Until Fox and his producers delineate his character, the rest of the cast is in limbo. If they behave too crazily, Mike could come off as the saintly voice of reason, which makes Fox seem narcissistic. But if Mike is more neurotic than everyone else, he could get so annoying that we wonder why the others put up with him. Most successful sitcoms have a tone for the entire ensemble to play. For example, on Modern Family, every major character is a bit more selfish and manipulative than we’d tolerate from family members in real life, but because they’re all playing in the same tonal range, our sympathies can shift depending on the situation. The Michael J. Fox Show is still searching for that tone.
- Breaking Bad’s Betsy Brandt is likeable but fuzzy as Mike’s schoolteacher wife, Annie. Her big line in the pilot is at the very end, grabbing a plate of scrambled eggs from Mike as he struggles to serve the table and quietly saying to him, “Can you not have a personal victory right now? We are starving.” Her funniest delivery is when Mike complains that he’ll get a standing ovation just for showing up at the office, and she mocks him with “Standing ovations? Uch, those sons of bitches.”
- In the second episode, Brandt’s comic set piece involves her trying to make a peanut-butter-and-jelly sandwich for the youngest of the family’s three children, only to have a parade of other characters snatch it away and force her to start all over again. In the end, she plops the entire jars of peanut butter and jelly in the kid’s lunch box, explaining, “We’re out of bread.” It’s a funny pay-off to the scene, but it made me wonder whether The Michael J. Fox Show happens in a universe where a mother would actually send a kid to school with jars of food (it might happen on The Middle), or in a universe where everyone just likes to clown around with props.
- Another familiar face in the supporting cast is The Wire’s Wendell Pierce as Harris, Mike’s boss at the TV station and apparent best friend.

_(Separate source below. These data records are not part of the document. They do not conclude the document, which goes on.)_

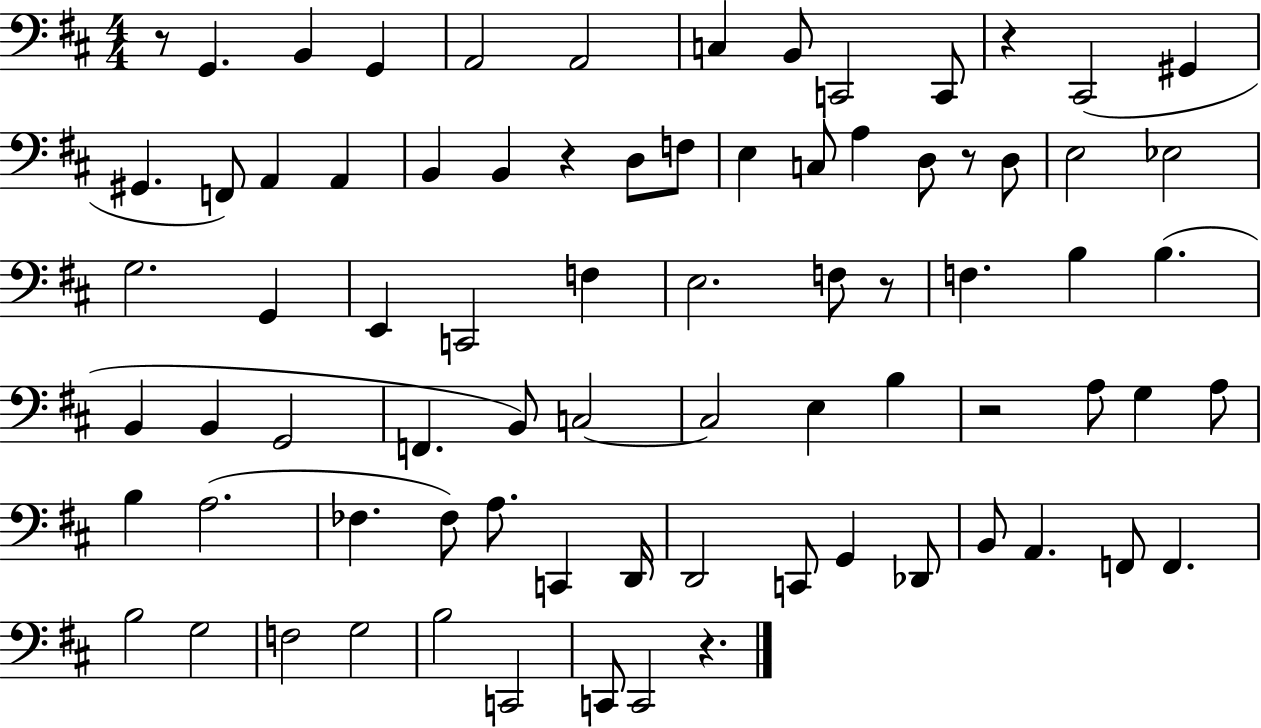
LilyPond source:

{
  \clef bass
  \numericTimeSignature
  \time 4/4
  \key d \major
  \repeat volta 2 { r8 g,4. b,4 g,4 | a,2 a,2 | c4 b,8 c,2 c,8 | r4 cis,2( gis,4 | \break gis,4. f,8) a,4 a,4 | b,4 b,4 r4 d8 f8 | e4 c8 a4 d8 r8 d8 | e2 ees2 | \break g2. g,4 | e,4 c,2 f4 | e2. f8 r8 | f4. b4 b4.( | \break b,4 b,4 g,2 | f,4. b,8) c2~~ | c2 e4 b4 | r2 a8 g4 a8 | \break b4 a2.( | fes4. fes8) a8. c,4 d,16 | d,2 c,8 g,4 des,8 | b,8 a,4. f,8 f,4. | \break b2 g2 | f2 g2 | b2 c,2 | c,8 c,2 r4. | \break } \bar "|."
} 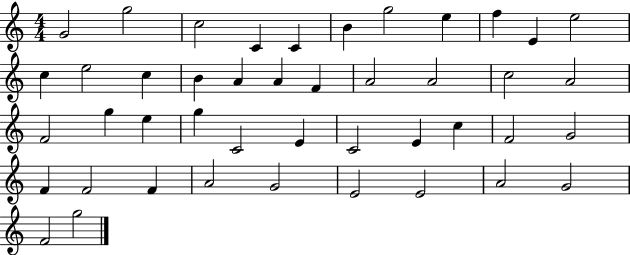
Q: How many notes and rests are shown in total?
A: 44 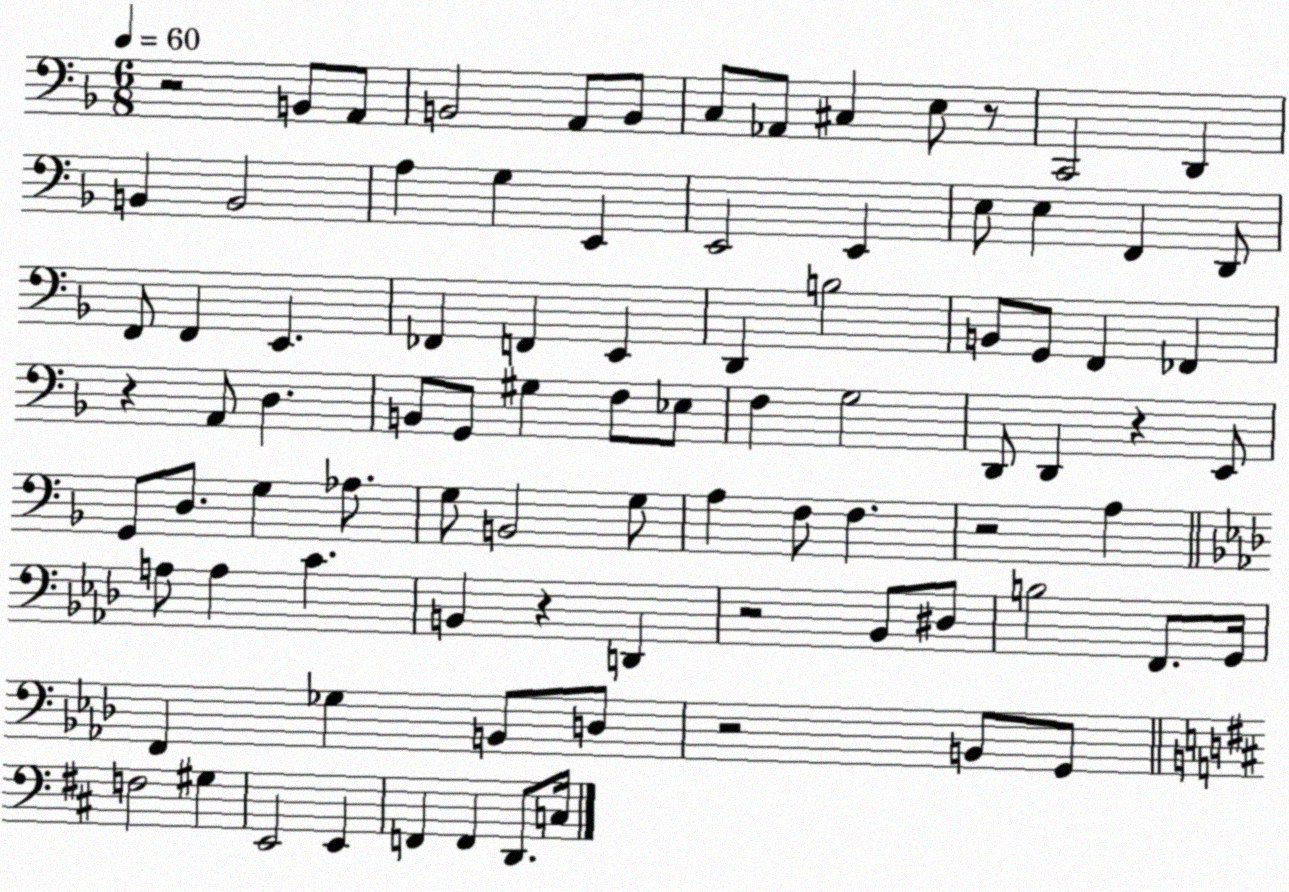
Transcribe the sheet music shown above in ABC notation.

X:1
T:Untitled
M:6/8
L:1/4
K:F
z2 B,,/2 A,,/2 B,,2 A,,/2 B,,/2 C,/2 _A,,/2 ^C, E,/2 z/2 C,,2 D,, B,, B,,2 A, G, E,, E,,2 E,, E,/2 E, F,, D,,/2 F,,/2 F,, E,, _F,, F,, E,, D,, B,2 B,,/2 G,,/2 F,, _F,, z A,,/2 D, B,,/2 G,,/2 ^G, F,/2 _E,/2 F, G,2 D,,/2 D,, z E,,/2 G,,/2 D,/2 G, _A,/2 G,/2 B,,2 G,/2 A, F,/2 F, z2 A, A,/2 A, C B,, z D,, z2 _B,,/2 ^D,/2 B,2 F,,/2 G,,/4 F,, _G, B,,/2 D,/2 z2 B,,/2 G,,/2 F,2 ^G, E,,2 E,, F,, F,, D,,/2 C,/4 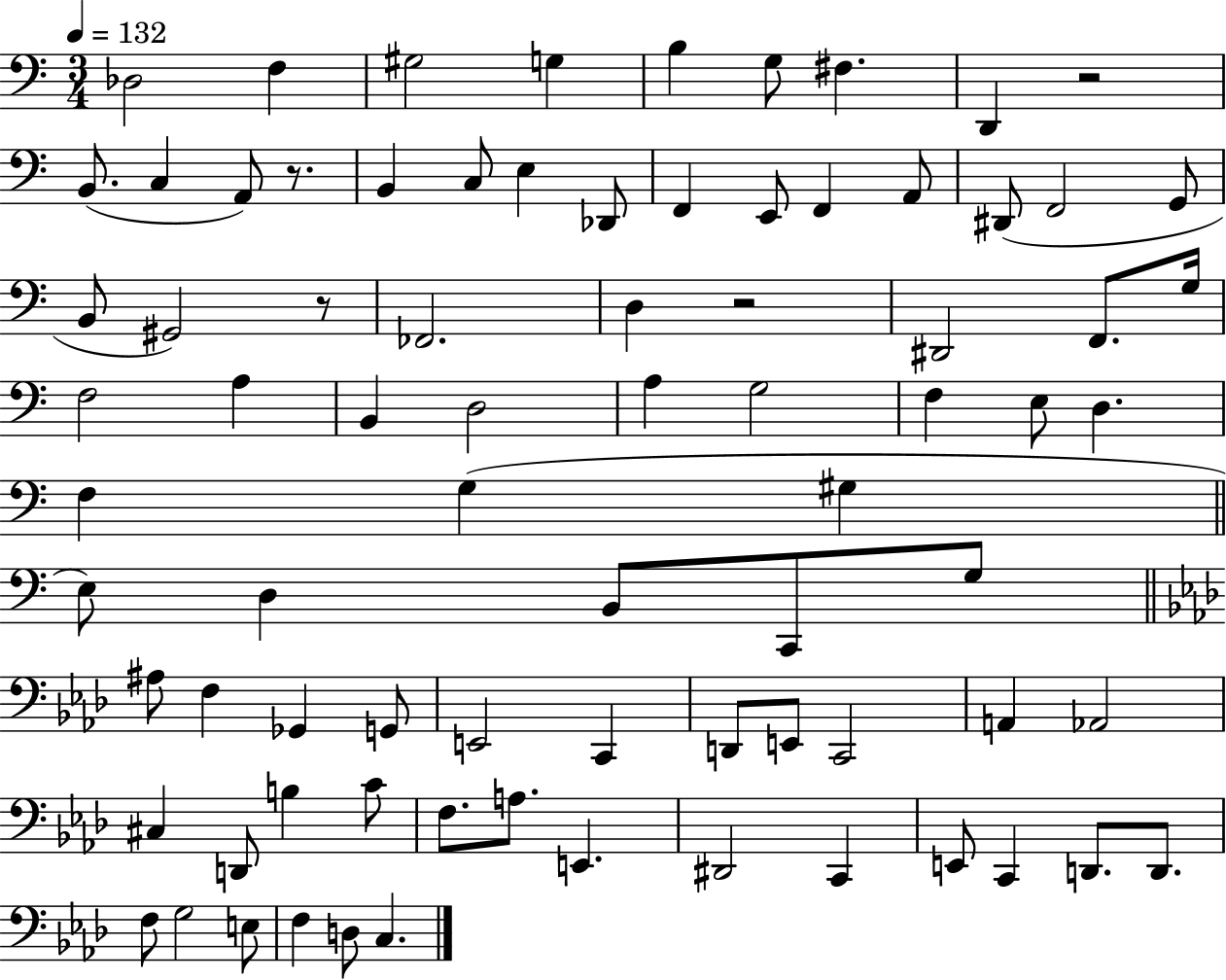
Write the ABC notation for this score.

X:1
T:Untitled
M:3/4
L:1/4
K:C
_D,2 F, ^G,2 G, B, G,/2 ^F, D,, z2 B,,/2 C, A,,/2 z/2 B,, C,/2 E, _D,,/2 F,, E,,/2 F,, A,,/2 ^D,,/2 F,,2 G,,/2 B,,/2 ^G,,2 z/2 _F,,2 D, z2 ^D,,2 F,,/2 G,/4 F,2 A, B,, D,2 A, G,2 F, E,/2 D, F, G, ^G, E,/2 D, B,,/2 C,,/2 G,/2 ^A,/2 F, _G,, G,,/2 E,,2 C,, D,,/2 E,,/2 C,,2 A,, _A,,2 ^C, D,,/2 B, C/2 F,/2 A,/2 E,, ^D,,2 C,, E,,/2 C,, D,,/2 D,,/2 F,/2 G,2 E,/2 F, D,/2 C, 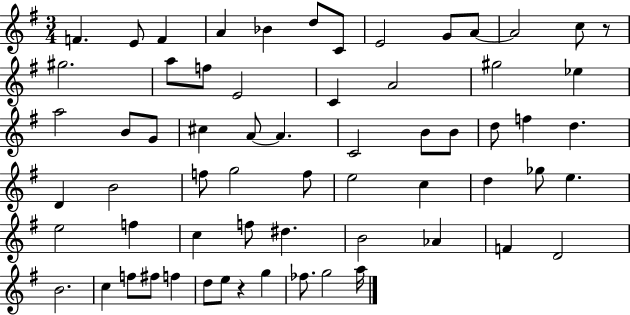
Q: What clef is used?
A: treble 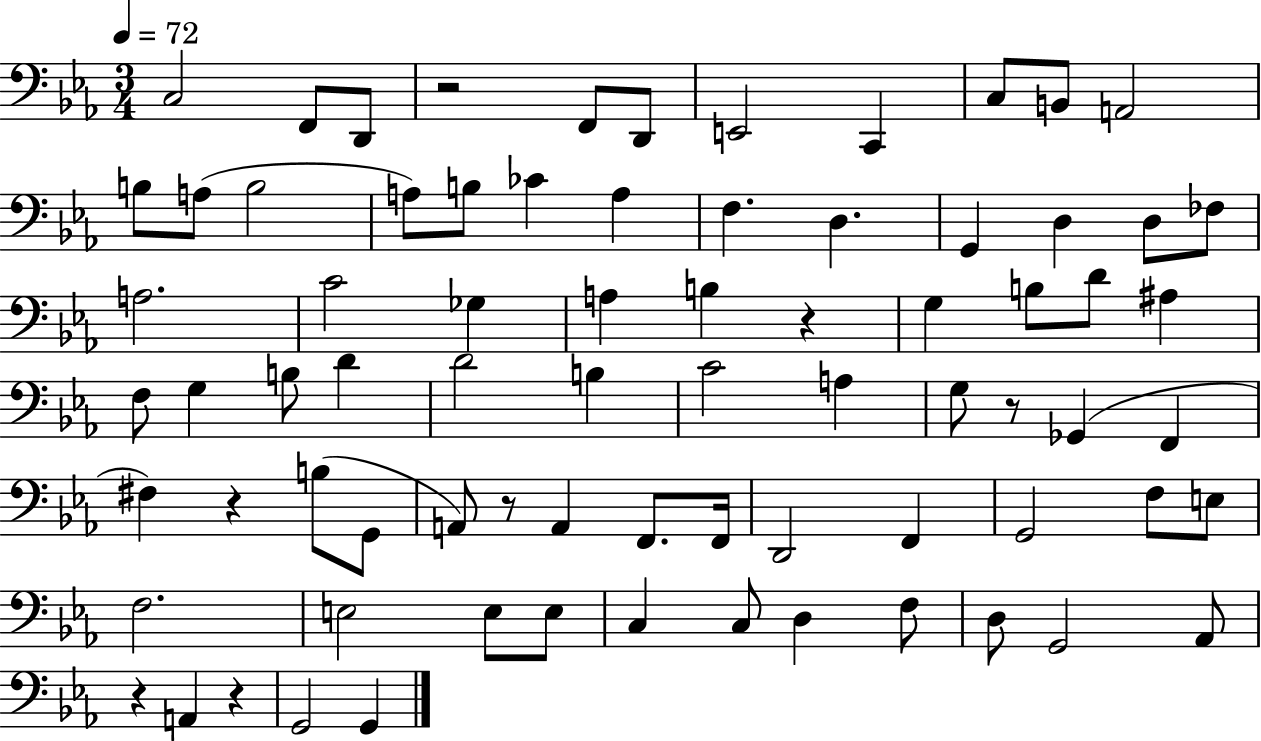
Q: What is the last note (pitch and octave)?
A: G2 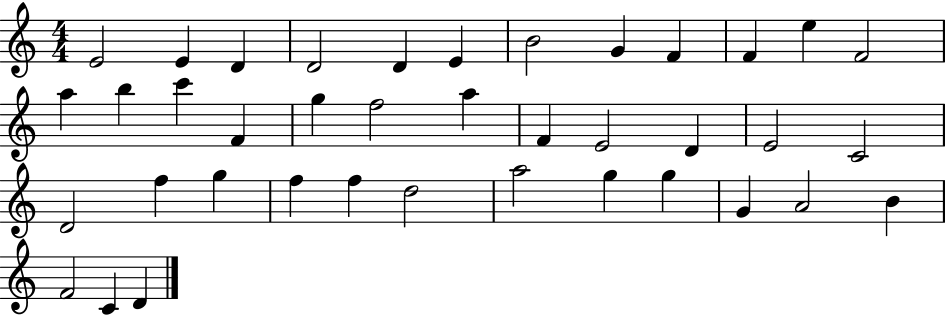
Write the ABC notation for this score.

X:1
T:Untitled
M:4/4
L:1/4
K:C
E2 E D D2 D E B2 G F F e F2 a b c' F g f2 a F E2 D E2 C2 D2 f g f f d2 a2 g g G A2 B F2 C D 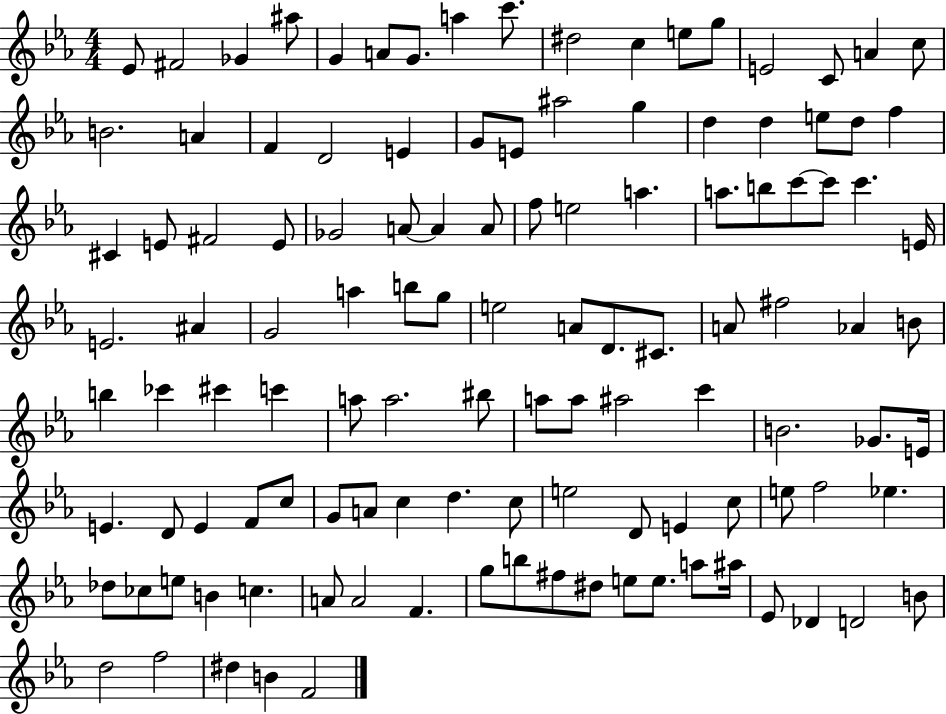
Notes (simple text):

Eb4/e F#4/h Gb4/q A#5/e G4/q A4/e G4/e. A5/q C6/e. D#5/h C5/q E5/e G5/e E4/h C4/e A4/q C5/e B4/h. A4/q F4/q D4/h E4/q G4/e E4/e A#5/h G5/q D5/q D5/q E5/e D5/e F5/q C#4/q E4/e F#4/h E4/e Gb4/h A4/e A4/q A4/e F5/e E5/h A5/q. A5/e. B5/e C6/e C6/e C6/q. E4/s E4/h. A#4/q G4/h A5/q B5/e G5/e E5/h A4/e D4/e. C#4/e. A4/e F#5/h Ab4/q B4/e B5/q CES6/q C#6/q C6/q A5/e A5/h. BIS5/e A5/e A5/e A#5/h C6/q B4/h. Gb4/e. E4/s E4/q. D4/e E4/q F4/e C5/e G4/e A4/e C5/q D5/q. C5/e E5/h D4/e E4/q C5/e E5/e F5/h Eb5/q. Db5/e CES5/e E5/e B4/q C5/q. A4/e A4/h F4/q. G5/e B5/e F#5/e D#5/e E5/e E5/e. A5/e A#5/s Eb4/e Db4/q D4/h B4/e D5/h F5/h D#5/q B4/q F4/h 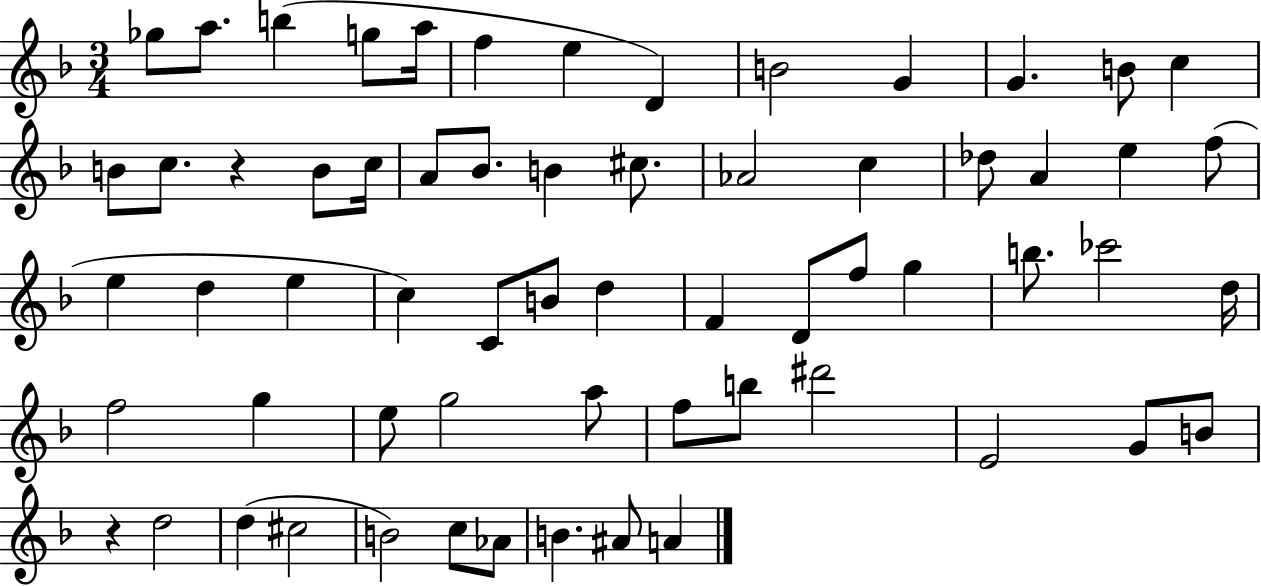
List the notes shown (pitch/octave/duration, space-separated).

Gb5/e A5/e. B5/q G5/e A5/s F5/q E5/q D4/q B4/h G4/q G4/q. B4/e C5/q B4/e C5/e. R/q B4/e C5/s A4/e Bb4/e. B4/q C#5/e. Ab4/h C5/q Db5/e A4/q E5/q F5/e E5/q D5/q E5/q C5/q C4/e B4/e D5/q F4/q D4/e F5/e G5/q B5/e. CES6/h D5/s F5/h G5/q E5/e G5/h A5/e F5/e B5/e D#6/h E4/h G4/e B4/e R/q D5/h D5/q C#5/h B4/h C5/e Ab4/e B4/q. A#4/e A4/q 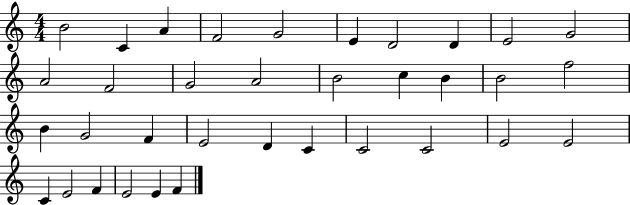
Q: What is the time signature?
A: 4/4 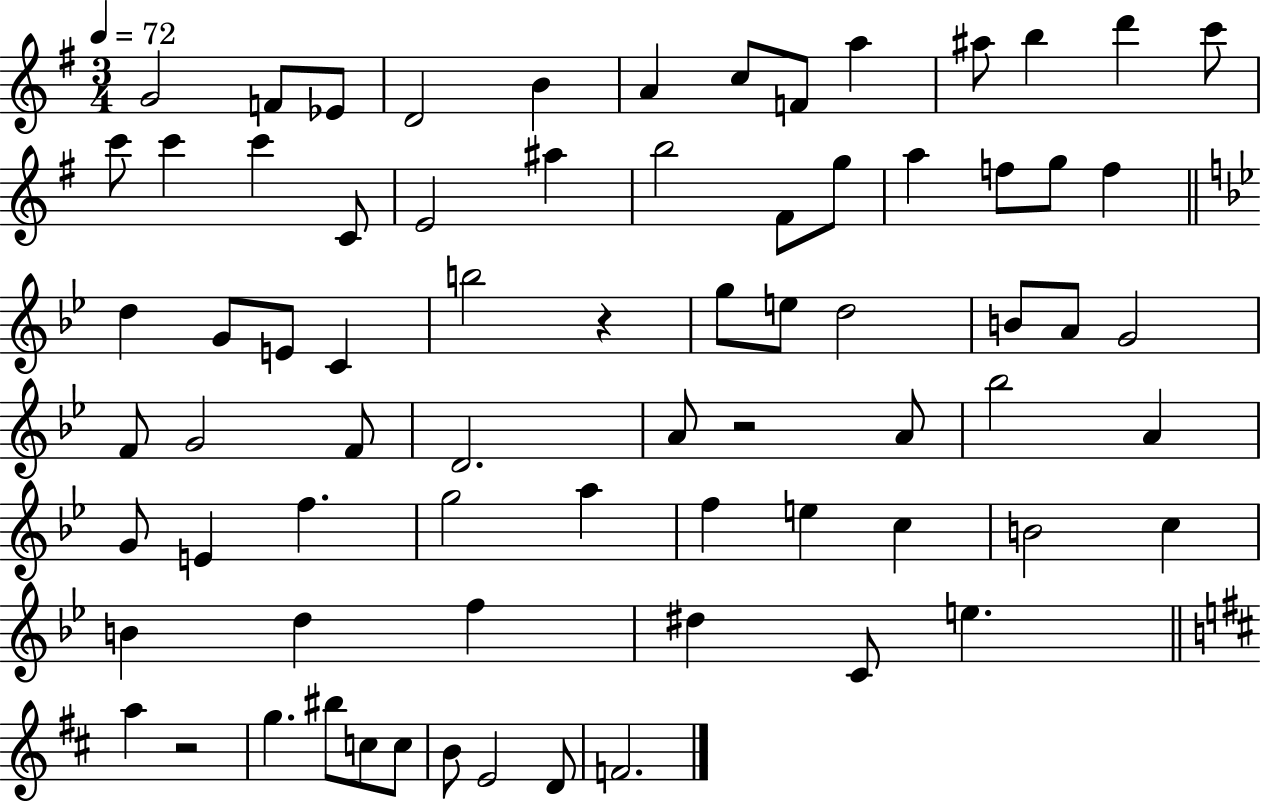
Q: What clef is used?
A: treble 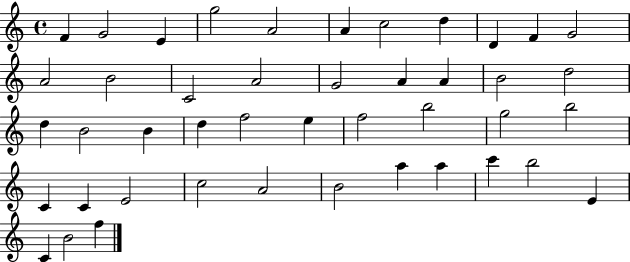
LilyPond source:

{
  \clef treble
  \time 4/4
  \defaultTimeSignature
  \key c \major
  f'4 g'2 e'4 | g''2 a'2 | a'4 c''2 d''4 | d'4 f'4 g'2 | \break a'2 b'2 | c'2 a'2 | g'2 a'4 a'4 | b'2 d''2 | \break d''4 b'2 b'4 | d''4 f''2 e''4 | f''2 b''2 | g''2 b''2 | \break c'4 c'4 e'2 | c''2 a'2 | b'2 a''4 a''4 | c'''4 b''2 e'4 | \break c'4 b'2 f''4 | \bar "|."
}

In the pilot, he’s slotted into the role of a cool, middle-aged black guy who’s still on the prowl. (Talking about his lack of children: “30 years of lovemaking, not one slip. Not even a scare.”) In the second episode, more of a farce (Mike tries to set up his neighbor with Harris, then gets jealous and tries to keep them apart), Pierce is better integrated into the plot, but there’s still some work to do in getting the best use of his wonderfully dry line readings.
- Mike, on why the family needs to have sit-down meals: “First we stop connecting, next thing you know we’re under a bridge tying each other off.” Fox’s mime of a jittery addict shooting up heroin is one of his slyer bits of physical comedy.